As #peter-wood already said, it is better to have one thread reading in the data, and have other threads processing that data.
Also, to really test the difference, I think you should do the test with some bigger files. For example: current hard disks should be able to read around 100MB/sec. So reading the data of a 100kB file in one go would take 1ms, while positioning the read head to the beginning of that file would take 10ms.
On the other hand, looking at your numbers (assuming those are for a single loop) it is hard to believe that being I/O bound is the only problem here. Total data is 100MB, which should take 1 second to read from disk plus some overhead, but your program takes 130 seconds. I don't know if that number is with the files cold on disk, or an average of multiple tests where the data is already cached by the OS (with 62 GB or RAM all that data should be cached the second time) - it would be interesting to see both numbers.
So there has to be something else. Let's take a closer look at your loop:
for line in f:
s = line.split()
x, y = [int(v) for v in s]
obj = CoresetPoint(x, y)
gc.disable()
myList.append(obj)
gc.enable()
While I don't know Python, my guess would be that the gc calls are the problem here. They are called for every line read from disk. I don't know how expensive those calls are (or what if gc.enable() triggers a garbage collection for example) and why they would be needed around append(obj) only, but there might be other problems because this is multithreading:
Assuming the gc object is global (i.e. not thread local) you could have something like this:
thread 1 : gc.disable()
# switch to thread 2
thread 2 : gc.disable()
thread 2 : myList.append(obj)
thread 2 : gc.enable()
# gc now enabled!
# switch back to thread 1 (or one of the other threads)
thread 1 : myList.append(obj)
thread 1 : gc.enable()
And if the number of threads <= number of cores, there wouldn't even be any switching, they would all be calling this at the same time.
Also, if the gc object is thread safe (it would be worse if it isn't) it would have to do some locking in order to safely alter it's internal state, which would force all other threads to wait.
For example, gc.disable() would look something like this:
def disable()
lock() # all other threads are blocked for gc calls now
alter internal data
unlock()
And because gc.disable() and gc.enable() are called in a tight loop, this will hurt performance when using multiple threads.
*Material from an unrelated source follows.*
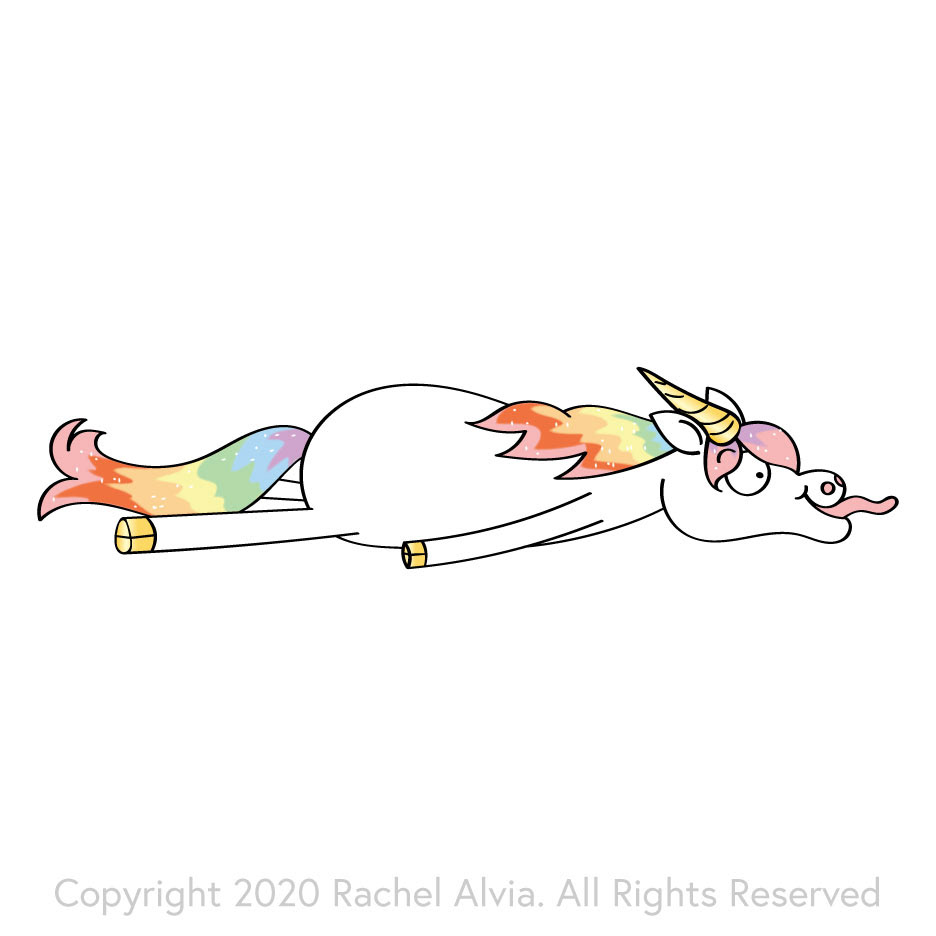 A unicorn in a frozen snake pose.  Freelance Illustration I created for Gamely Games Froxen Unicorns.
So it would be better to remove those calls, or place them at the beginning and end of your program if they are really needed (or only disable gc at the beginning, no need to do gc right before quitting the program).
Depending on the way Python copies or moves objects, it might also be slightly better to use myList.append(CoresetPoint(x, y)).
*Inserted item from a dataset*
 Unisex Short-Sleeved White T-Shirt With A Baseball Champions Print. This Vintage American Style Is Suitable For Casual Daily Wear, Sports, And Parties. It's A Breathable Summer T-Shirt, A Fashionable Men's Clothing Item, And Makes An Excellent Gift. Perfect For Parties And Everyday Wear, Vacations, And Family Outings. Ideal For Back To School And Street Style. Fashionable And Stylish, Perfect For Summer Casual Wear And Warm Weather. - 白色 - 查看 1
So it would be interesting to test the same on one 100MB file with one thread and without the gc calls.
If the processing takes longer than the reading (i.e. not I/O bound), use one thread to read the data in a buffer (should take 1 or 2 seconds on one 100MB file if not already cached), and multiple threads to process the data (but still without those gc calls in that tight loop).
You don't have to split the data into multiple files in order to be able to use threads. Just let them process different parts of the same file (even with the 14GB file).
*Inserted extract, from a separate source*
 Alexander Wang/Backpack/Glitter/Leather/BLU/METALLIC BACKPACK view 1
A copy-paste snippet, for people who come from Google and don't like reading
Example is for json reading, just replace __single_json_loader with another file type to work with that.
from multiprocessing import Pool
from typing import Callable, Any, Iterable
import os
import json
def parallel_file_read(existing_file_paths: Iterable[str], map_lambda: Callable[[str], Any]):
result = {p: None for p in existing_file_paths}
pool = Pool()
for i, (temp_result, path) in enumerate(zip(pool.imap(map_lambda, existing_file_paths), result.keys())):
result[path] = temp_result
pool.close()
pool.join()
return result
def __single_json_loader(f_path: str):
with open(f_path, "r") as f:
return json.load(f)
def parallel_json_read(existing_file_paths: Iterable[str]):
combined_result = parallel_file_read(existing_file_paths, __single_json_loader)
return combined_result
And usage
if __name__ == "__main__":
def main():
directory_path = r"/path/to/my/file/directory"
assert os.path.isdir(directory_path)
d: os.DirEntry
all_files_names = [f for f in os.listdir(directory_path)]
all_files_paths = [os.path.join(directory_path, f_name) for f_name in all_files_names]
assert(all(os.path.isfile(p) for p in all_files_paths))
combined_result = parallel_json_read(all_files_paths)
main()
Very straight forward to replace a json reader with any other reader, and you're done.

How can I optimize processes with a Pool or Queue in large batch processing?

I'm trying to execute a function on every line of a CSV file as fast as possible. My code works, but I know it could be faster if I make better use of the multiprocessing library.
processes = []
def execute_task(task_details):
#work is done here, may take 1 second, may take 10
#send output to another function
with open('twentyThousandLines.csv', 'rb') as file:
r = csv.reader(file)
for row in r:
p = Process(target=execute_task, args=(row,))
processes.append(p)
p.start()
for p in processes:
p.join()
I'm thinking I should put the tasks into a Queue and process them with a Pool but all the examples make it seem like Queue doesn't work the way I assume, and that I can't map a Pool to an ever expanding Queue.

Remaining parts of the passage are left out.